**Action item:** Everything from the line that contains "Manifestación en las" to the final line of the data, both ends included, must be set down exactly, apart from the pictures.

-- Opening Marker --

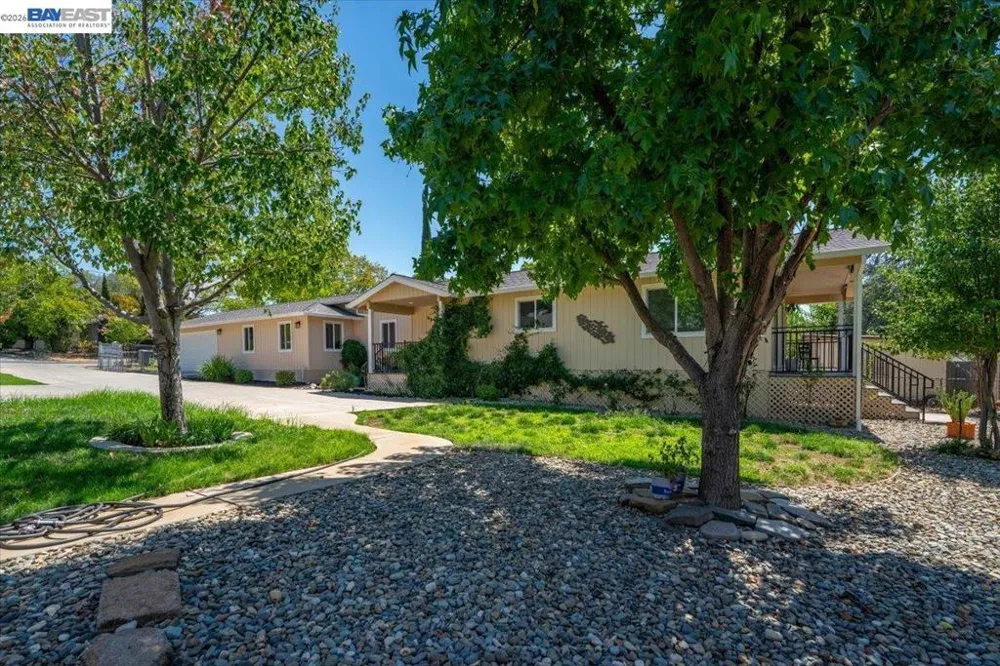 2584 Reservoir Ln Redding, CA 96002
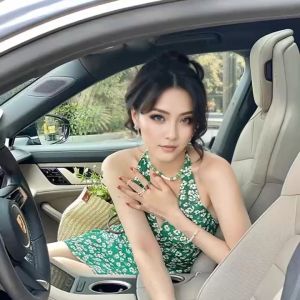 ชุดเดรสแขนสั้น กระโปรงสั้น กระโปรงคลุมสะโพก ดีไซน์เก๋ สาวฮอต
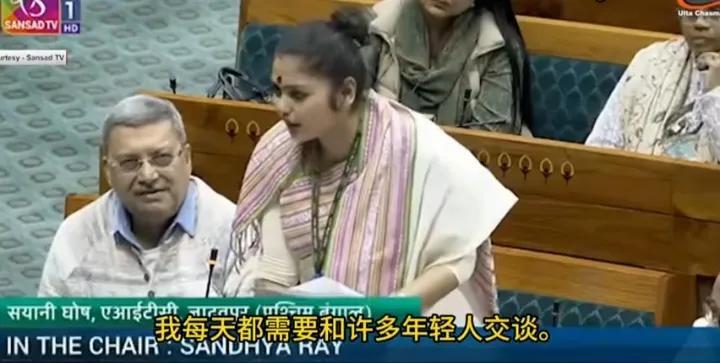 在印度议会里，我看到一幕挺有意思的场景：一位女议员站在那里，口若悬河地对莫迪展开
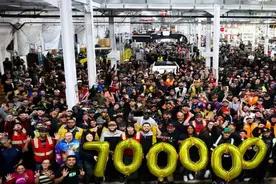 全球第700万辆整车下线 特斯拉第三季度营收同比增长8%图片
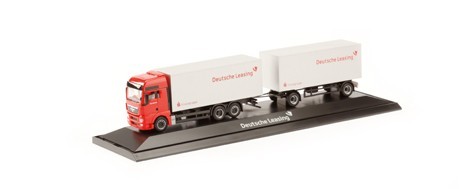 Man TGX XXL case trailer train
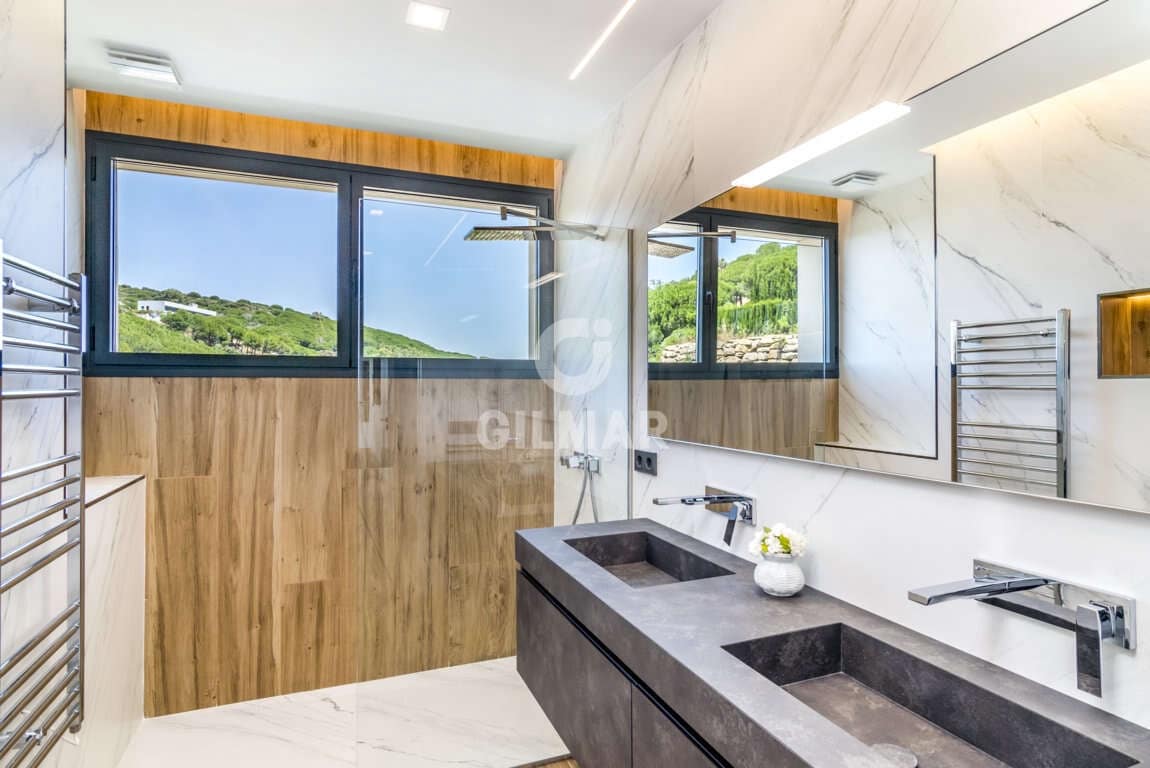 5 bedroom Villa for sale in Sotogrande with pool garage - € 4,750,000 (Ref: 9206026)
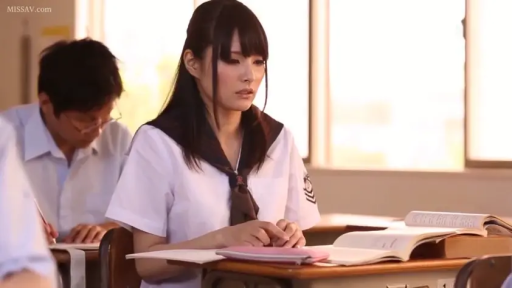 座り姿勢 · 憂鬱 · 制服 · 教室 · 顔のクローズアップ · 女子学生 · 思考 · 课本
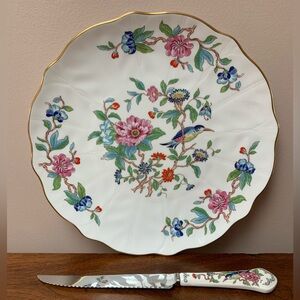 Aynsley “Pembroke” Cake Plate and Knife Set.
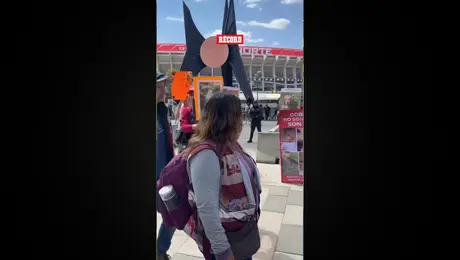 Manifestación en las afueras del Estadio Banorte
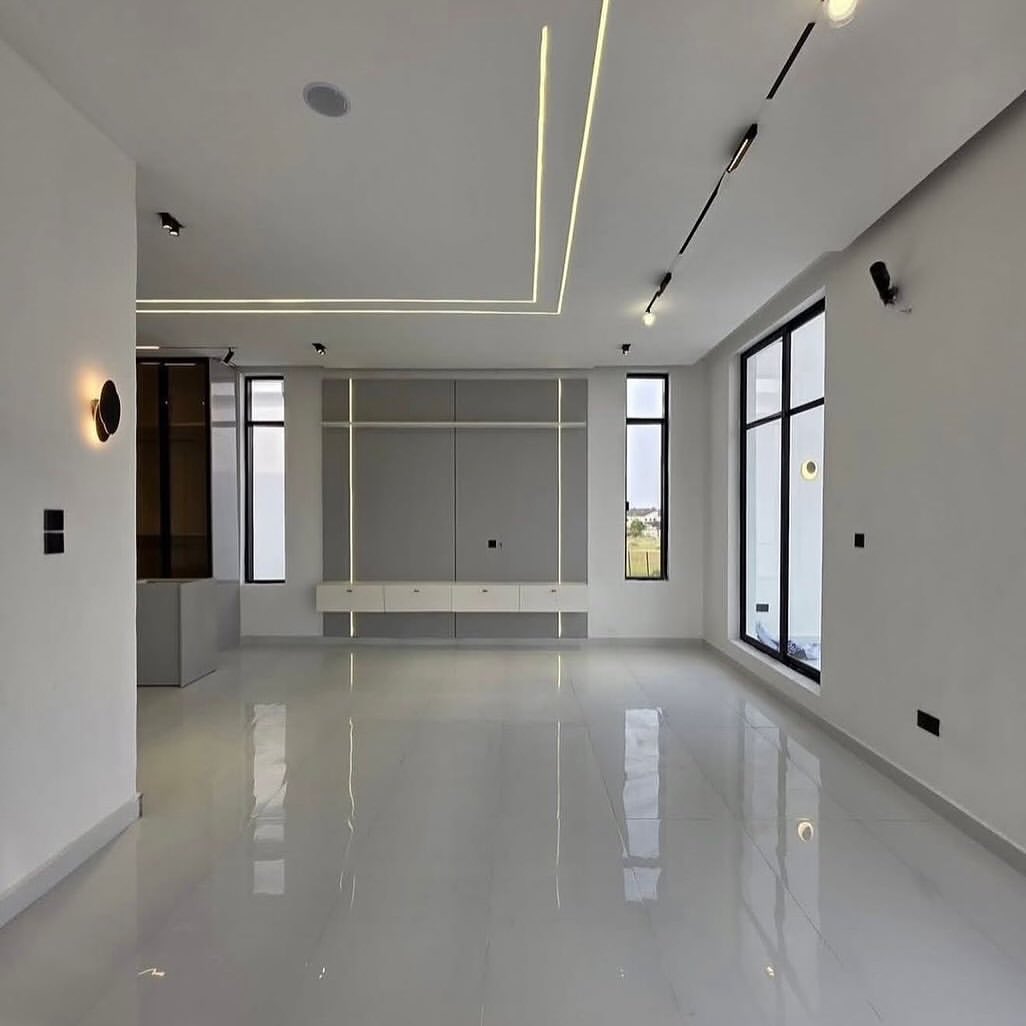 Opulent 5-Bed Duplex with Resort-Style Pool in Chevron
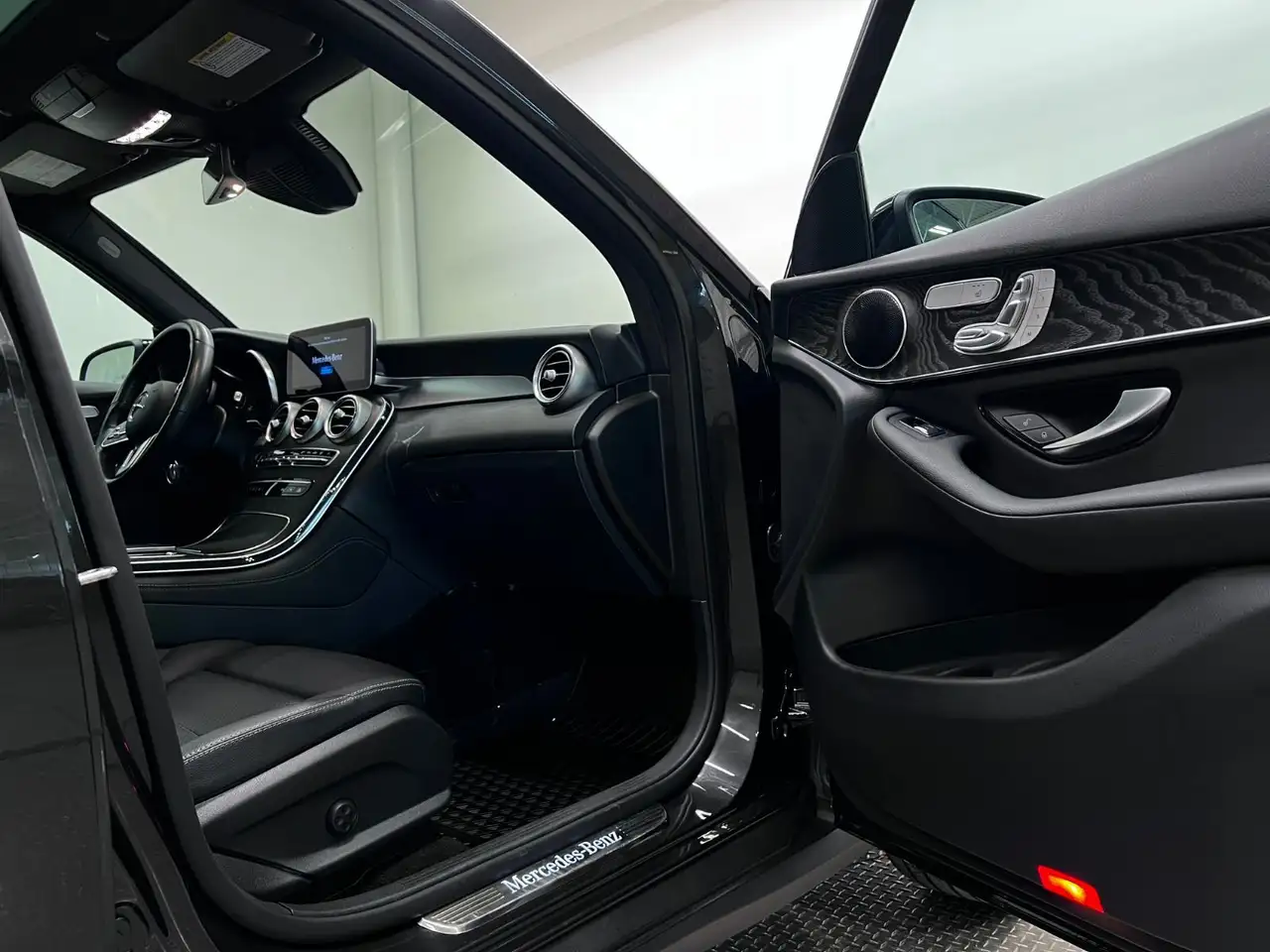 Mercedes-Benz GLC снимка Mercedes-Benz GLC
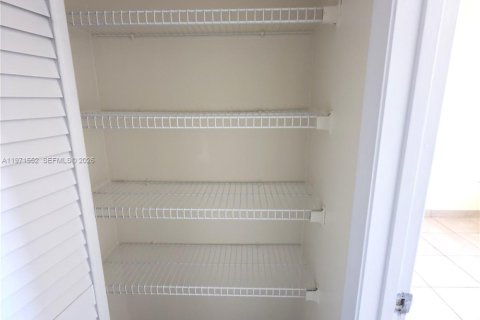 Townhouse in North Miami, Florida 3 bedrooms, 126.35 sq.m. № 2040919 - photo 16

-- Closing Marker --

**Output for this exercise:**
 Manifestación en las afueras del Estadio Banorte
 Opulent 5-Bed Duplex with Resort-Style Pool in Chevron
 Mercedes-Benz GLC снимка Mercedes-Benz GLC
 Townhouse in North Miami, Florida 3 bedrooms, 126.35 sq.m. № 2040919 - photo 16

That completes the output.